JE ne sais pas ce que je fais encore ici, face à cette porte, comme quand j’étais petit et que je rentrais de l’école. Je devrais retourner à l’appartement, attendre que Marina revienne de sa garde de nuit, lui préparer un petit-déjeuner avec du café et des œufs brouillés, lui dire que je l’aime, qu’elle doit me pardonner. Mais il est trop tard pour faire demi-tour, ma mère m’a vu par la fenêtre, la porte est grand ouverte, le vent froid du matin qui s’engouffre lui est égal. Tant mieux, peut-être que ça va chasser un peu l’odeur de renfermé qui imprègne la maison.

Elle m’attendait anxieusement.

Je n’arrive pas à me décider à entrer, je gagne du temps, je frotte mes chaussures sur le paillasson en tirant une dernière taffe, je jette le mégot parmi les plantes du jardinet. Avant, il était beau, mais maintenant il est plein de broussailles, à l’abandon. Comme tout, comme ma mère, avec ses cernes profonds et son visage délavé.

Finalement, je me décide et j’entre, je ne peux rien faire d’autre, je ne peux plus m’enfuir.

Ma mère finit de boutonner son manteau, enfile des gants de laine, prend son sac et regarde une dernière fois le monsieur.

« Ne fume pas dans le salon, s’il te plaît », elle me dit avant de sortir sans fermer la porte, sans me regarder, sans dire au revoir. Elle fait tout machinalement, comme ces gens qui tapent à l’ordinateur sans regarder les touches.

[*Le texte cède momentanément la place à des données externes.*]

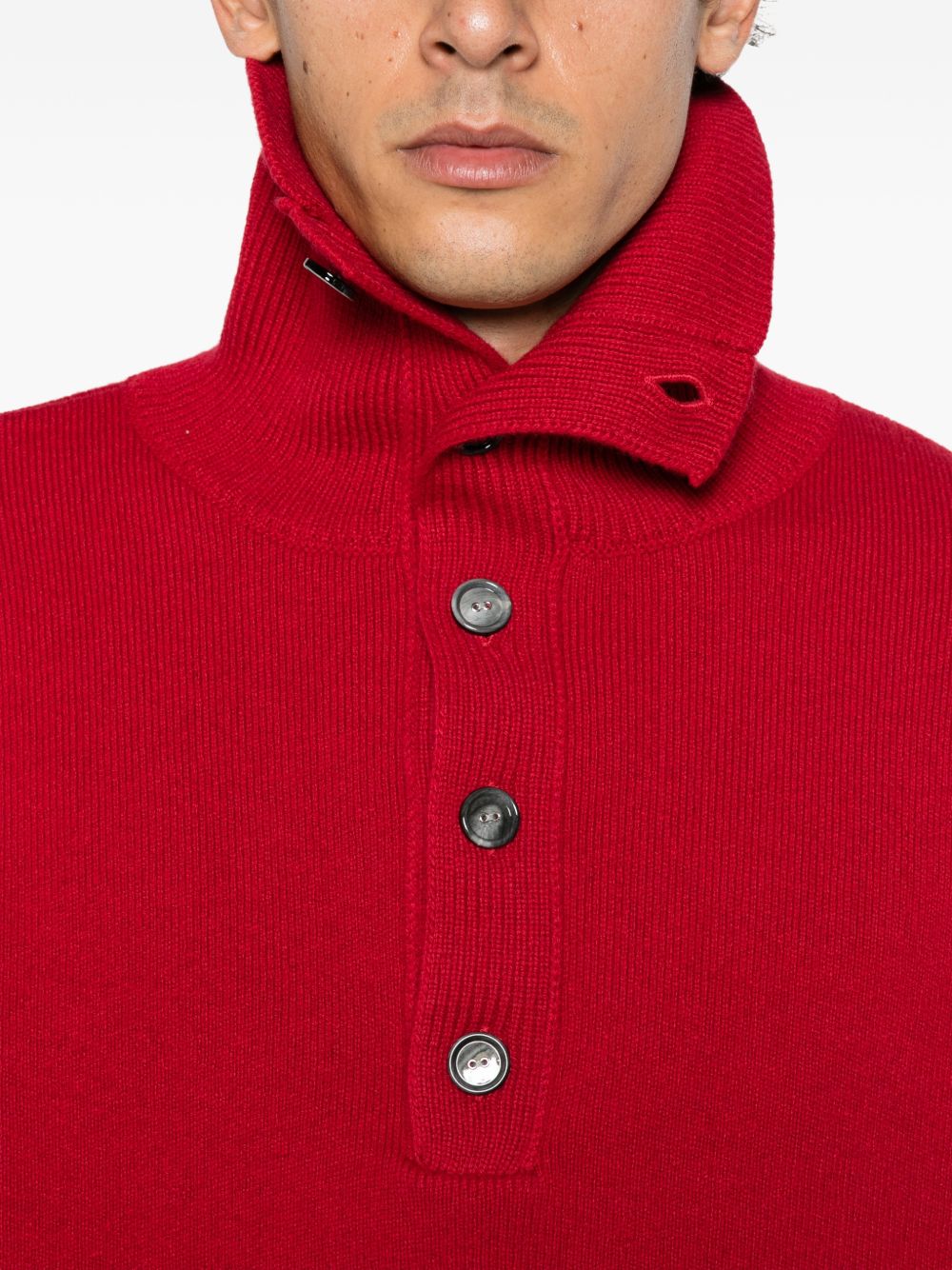 Ami Paris Sweater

Je la comprends, ça fait longtemps qu’elle va mal.

Je ferme derrière elle et je reste debout dans le salon, en face de don Armando. L’appareil à oxygène ronronne et fait « bip » doucement. Le monsieur me regarde avec des yeux vides. Il a la bouche sèche, on devine entre ses lèvres des dents jaunies. Il n’a pas été rasé depuis quelques jours et sa barbe, clairsemée et blanchâtre, lui donne un aspect encore plus décrépit.

Je m’assois dans le fauteuil, à côté du lit médicalisé, et je lis le journal qu’on m’a offert dans le métro.

Comme la maison est petite, ils ont dû improviser une clinique ici, dans le salon. Bien sûr, ma mère pensait que le monsieur n’allait survivre que quelques mois. Mais ça fait presque deux ans qu’il tient. Son état ne fait qu’empirer. Mais il tient. Il a sûrement peur de ce qui l’attend de l’autre côté, c’est pour ça qu’il ne veut pas partir. En attendant, il pompe l’énergie de tous ceux qui l’entourent. Ma mère a vieilli de vingt ans pendant ces deux années passées à prendre soin de lui.

L’infirmière à domicile a eu un empêchement aujourd’hui et ma mère doit aller chez le notaire. Elle vient de céder l’un des derniers locaux qui lui restaient dans la galerie commerciale Imperio et elle doit signer la vente.

« Mais laisse-le tout seul », je lui ai dit au téléphone.

Elle s’est tue et j’ai senti qu’elle réfléchissait. Mais après elle m’a dit, comme si elle avait eu honte de l’avoir même envisagé : « Je ne peux pas, et s’il lui arrivait quelque chose ? »

Qu’est-ce qui peut lui arriver, j’ai pensé. Au pire, il meurt. Ce serait vraiment mieux pour tout le monde.